COLLECTED DATA section start
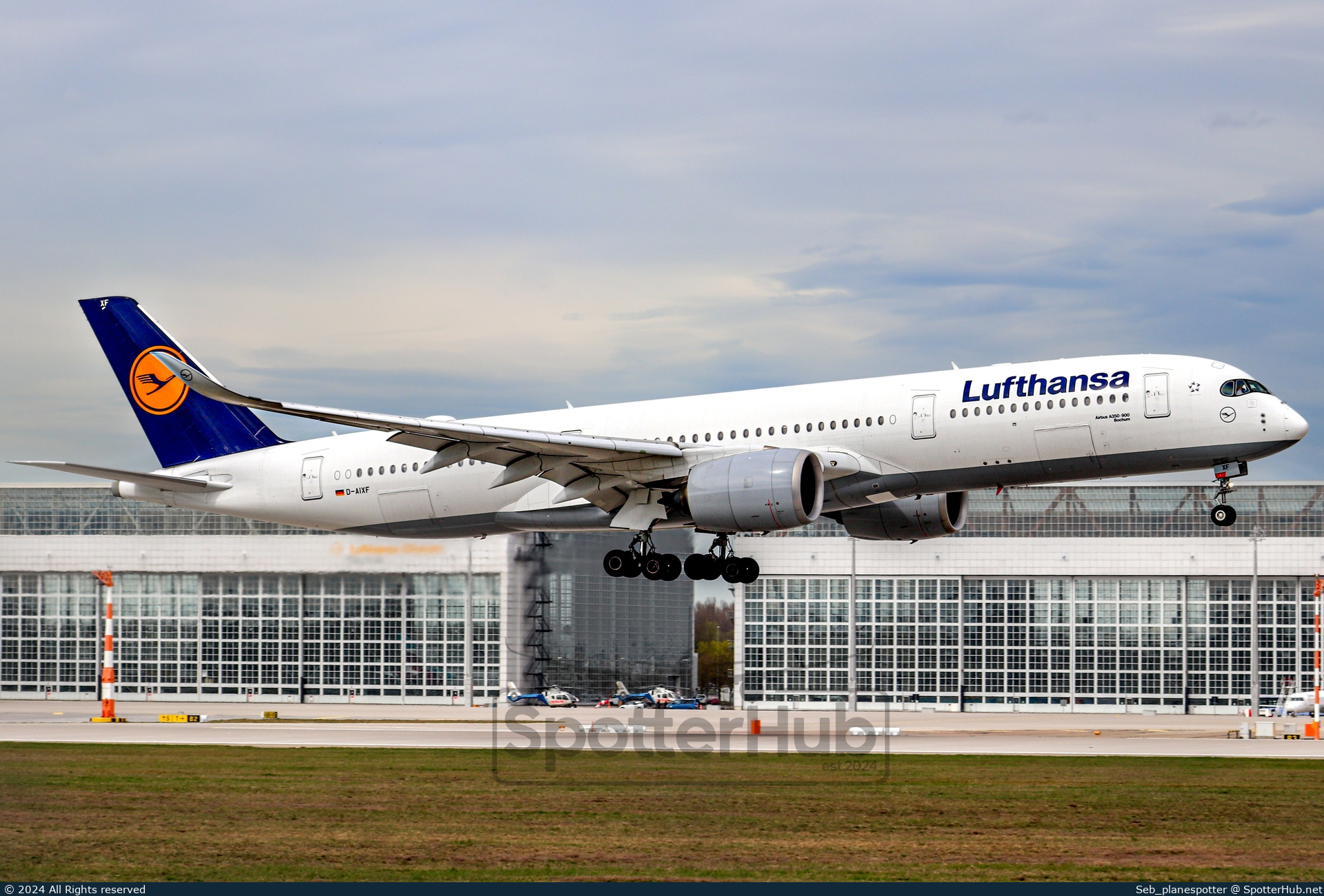 Photo of D-AIXF - Airbus A350-941 operated by Lufthansa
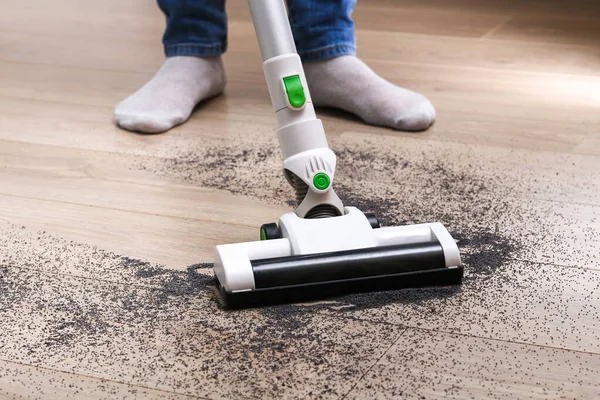 Man Uses Bagless Vertical Cordless Vacuum Cleaner Clean Floor — Stock Photo, Image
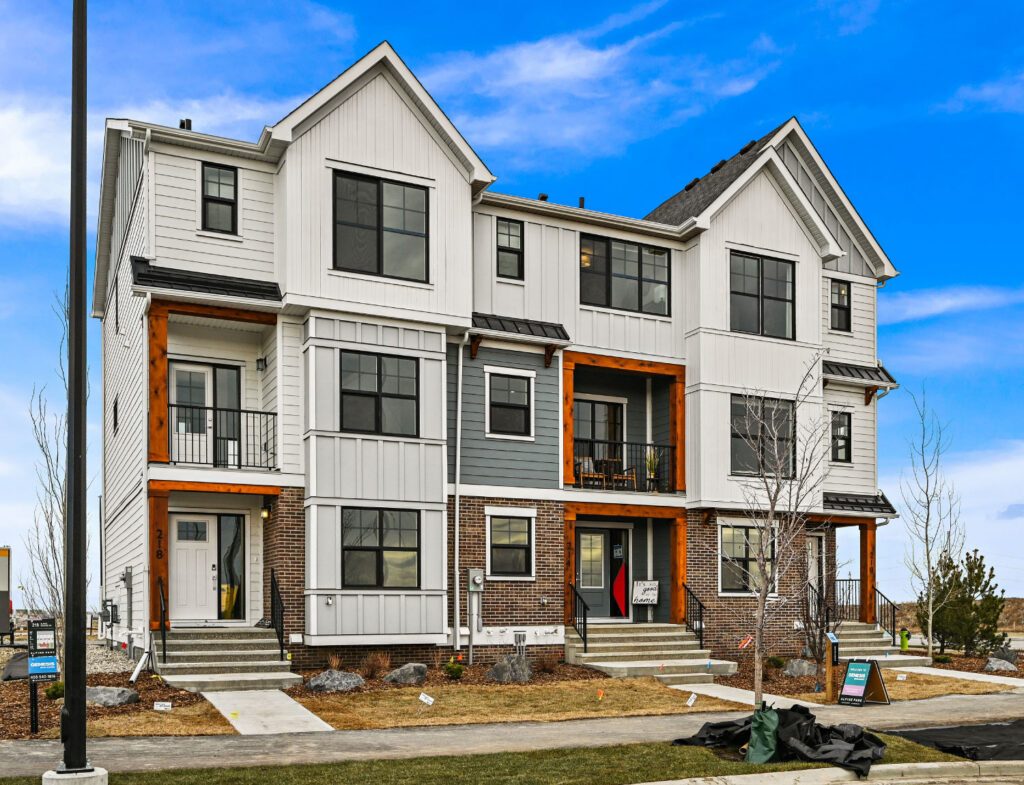 Avery (Exterior)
COLLECTED DATA section end
EXERCISE PROMPT – Pictures stay out of the copy; print the material above exactly.

SOLVED EXERCISE –
 Photo of D-AIXF - Airbus A350-941 operated by Lufthansa
 Man Uses Bagless Vertical Cordless Vacuum Cleaner Clean Floor — Stock Photo, Image
 Avery (Exterior)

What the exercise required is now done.